「バナの戦争」② 来る日も来る日も、爆弾、爆弾、爆弾
今日は令和2年2月3日。
前記事に引き続き
「バナの戦争」(バナ・アベド著/金井真弓訳/飛鳥新社)
より引用します。
この本は、バナとお母さんの共同執筆です。
【バナのお母さん】
バナ、知っていた?アレッポは世界でももっとも古くから人が
住んでいた街のひとつなの。何千年ものあいだ、私が歩いてい
るのとまさに同じ場所を歩いてきたまさに同じ場所を歩いてき
た先祖たちとのつながりを感じると、気持ちが安らいだ。
アレッポ城にはいつも家族連れの恋人たちがたくさんいて、そ
の日も早春の一日を楽しんでいる人々でいっぱいだった。ごく
ありふれた、平和な毎日ーーー戦争が起こる前はそうだったの。
パパは仕事に行き、私は買い物をしてアベドおばあちゃんが料
理するのを手伝う。そして、夕食後は家族みんなで近所を散歩
したものよ。
今ではとても考えられない日々だけど、私たちはそんな毎日が
続くのがあたりまえだと思っていた。自分たちが歩いている場
所が、何世紀もそこにあった建物が、まもなく何もかも壊され
てしまうなんて、想像すらできなかった。
(13~14p)
舞台はアレッポ。歴史を感じることが出来た街に爆弾が落ちます。
【バナのお母さん】
あなたの名前はアラビア語で「木」という意味よ。強い女の子
になってほしかったから選んだんだけど、バナ、あなたはその
とおりの女の子ね。
(16~17p)
【バナ】
そのときから来る日も来る日も、爆弾、爆弾、爆弾。大きな飛
行機がいくつも空を横切ってきて、あっちにもこっちにも、ど
こにでも爆弾を落とした。飛行機がうんと低く飛んでいて、パ
イロットの顔が見えることもあった。
あの人は知っていたのかな?
自分が人を傷つけ、殺してるんだっていうことを。絶対知って
た。でも、どうしてそんなことできるの?
(36p)
【バナ】
戦争を経験したことがない人は、爆弾にはひとつの種類しかな
いと思うかもしれない。でも、実際にはいろいろちがった爆弾
があるの。
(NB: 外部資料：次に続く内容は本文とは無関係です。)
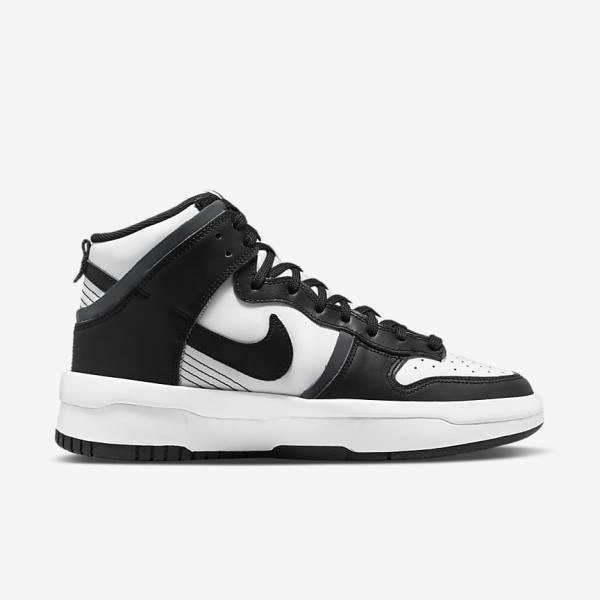 Women's Nike Dunk High Up Trainers White / Dark Grey / Black | NK093GQV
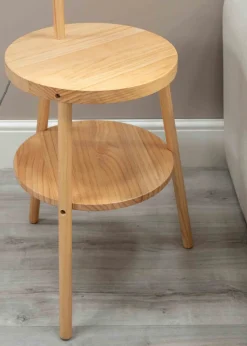 ValueLights Crowther Oak Effect Natural Floor Lamp with Small Tapered Shade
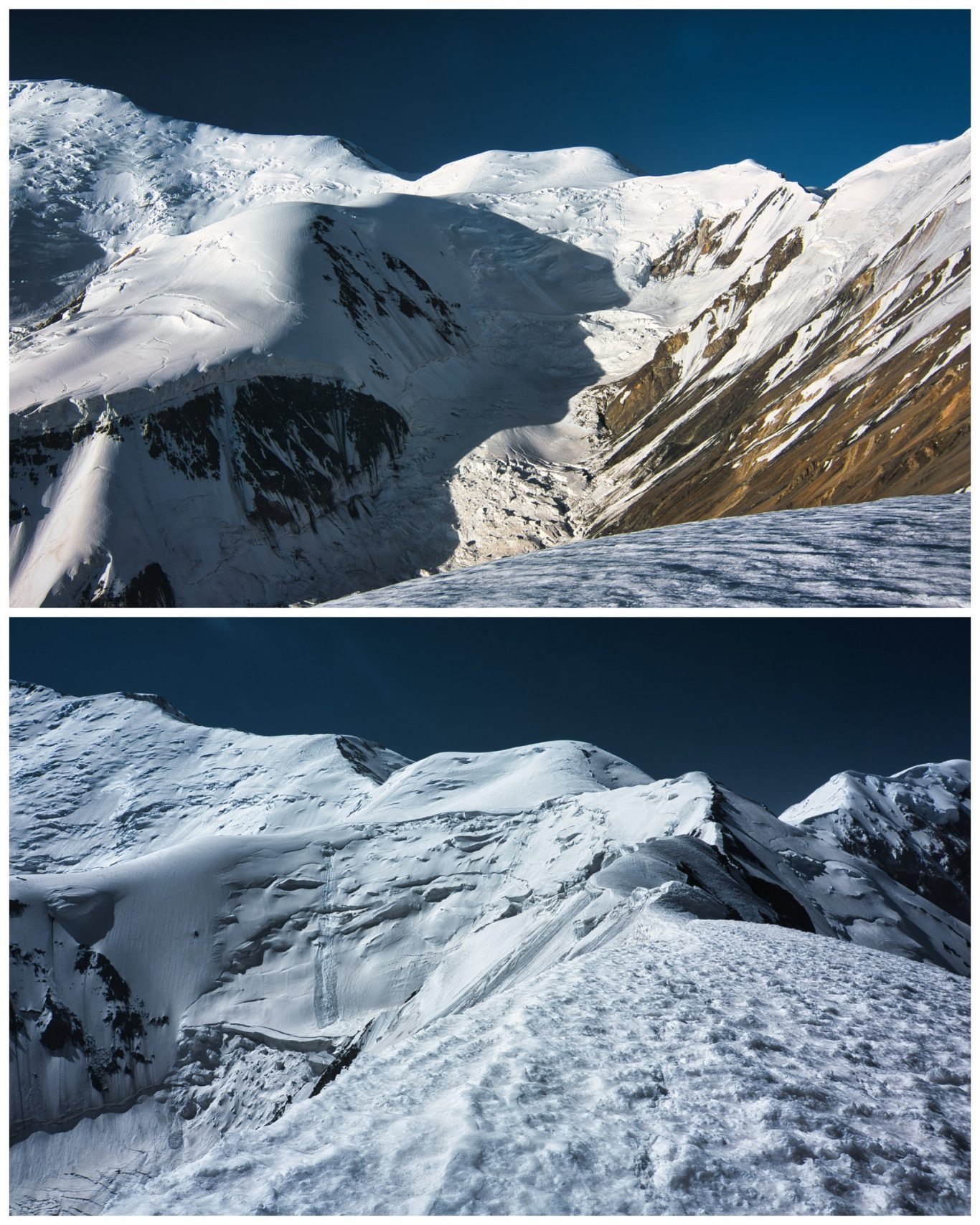 Pik 30 Jahre Usbekische SSR (ca. 5.600 m) Schneebedeckte Berge mit steilen Hängen und klar blauem Himmel.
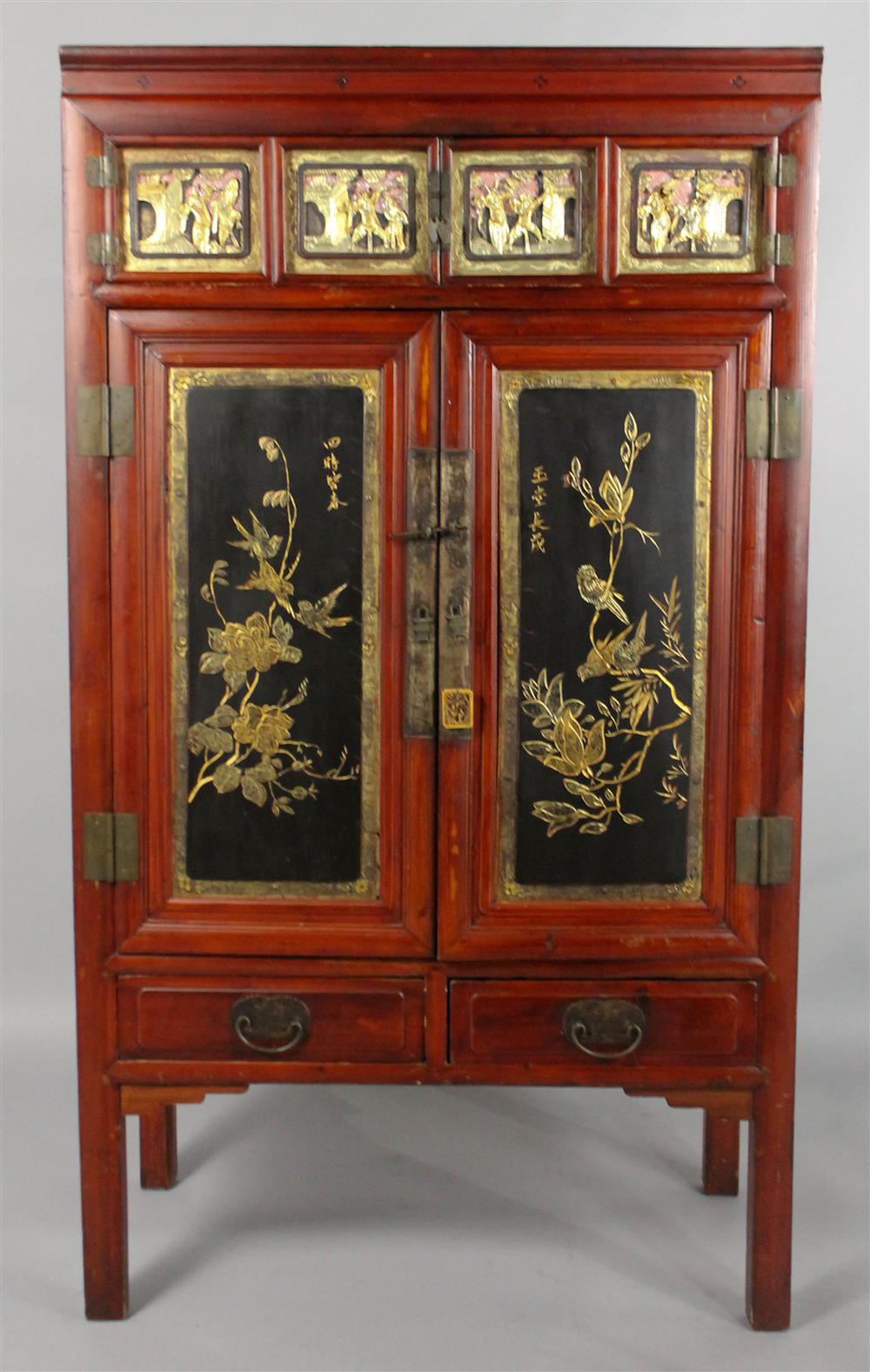 Appraisal: GILT AND POLYCHROME DECORATED ASIAN CABINET WITH BIRD AND FOLIAGE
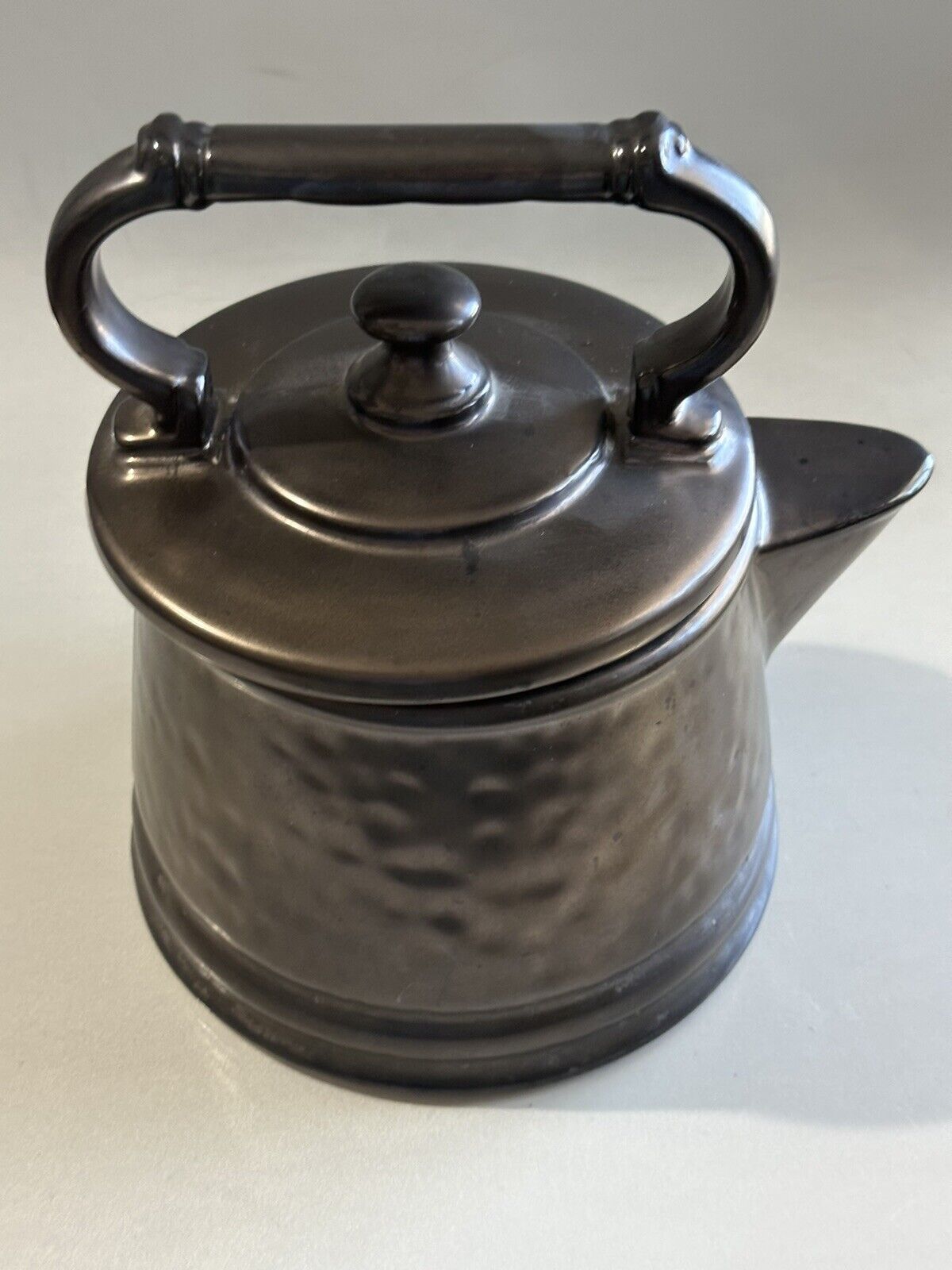 Vintage McCoy Faux Hammered Brass Ceramic Pottery Tea Kettle Shaped Cookie Jar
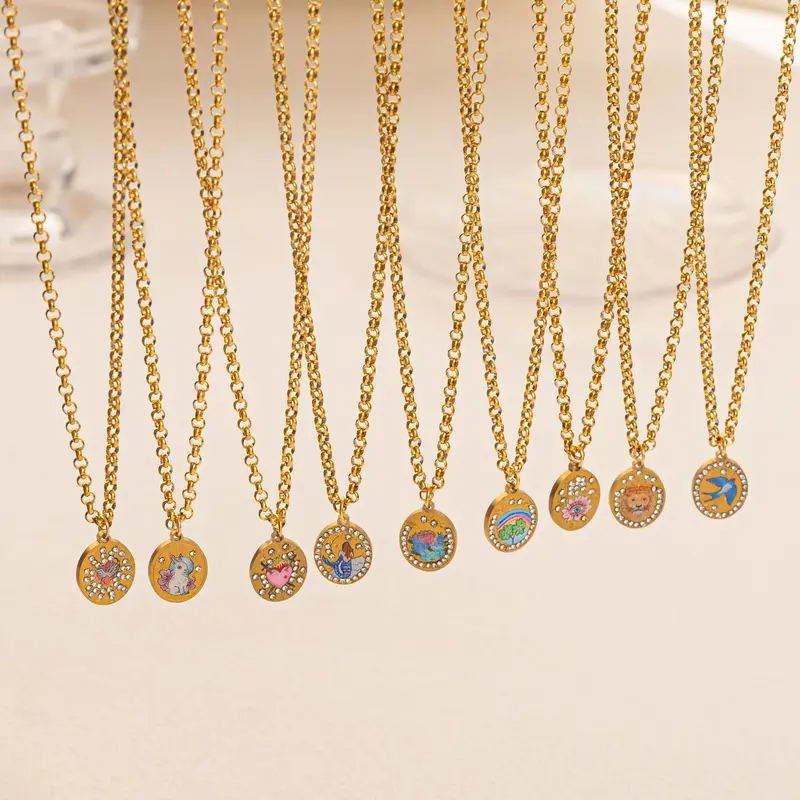 Whimsical Print Sparkle Charm Necklace (9 Designs)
わたしは覚えが早いから、すぐわかるようになっち
ゃった。
どんな音がするかで、種類がわかる。
笛みたいに長くて甲高い音がして、大きくドカーンと鳴る爆弾。
車のエンジンがふかされるみたいな、ブーンブーンという音が
してから、ドカンと鳴る爆弾。
それから、落ちてくる間じゅう、バッ、バッ、バッと音がして
いる爆弾。これはクラスター爆弾(たる爆弾)で、小さな弾が
いっぱい入った大きな爆弾。地面にあたると、するどい破片が
一面に飛び散るの。
静かな爆弾もある。ほとんど何の音もしなうて、ドカーンと鳴
ったら空を明るい黄色に照らす爆弾。空を明るくする光はリン
と呼ばれるものよ。
(38~39p)
以前読んだ「シリア内戦」にも何度かでてきたたる爆弾。(樽爆弾)
※参考:ここでも道草 「シリア内戦」① 物理的な達成感も味わった本(2020年1月19日投稿)
動画がありました。
一つの爆弾から広範囲に小さな弾が飛び散って爆発する様が
見てとれます。
YouTube: クラスター爆弾を投下するロシア軍 着弾映像 シリア空爆
そしてリンが光る爆弾。白リン弾。
Wikipediaによると、白リン弾は照明効果、焼夷効果があるそうです。
次の動画を見ると、落下した街では延焼が起こっています。
バナは、爆弾の種類を覚えてしまうように、
普通の子どもがしないような体験を数多く体験します。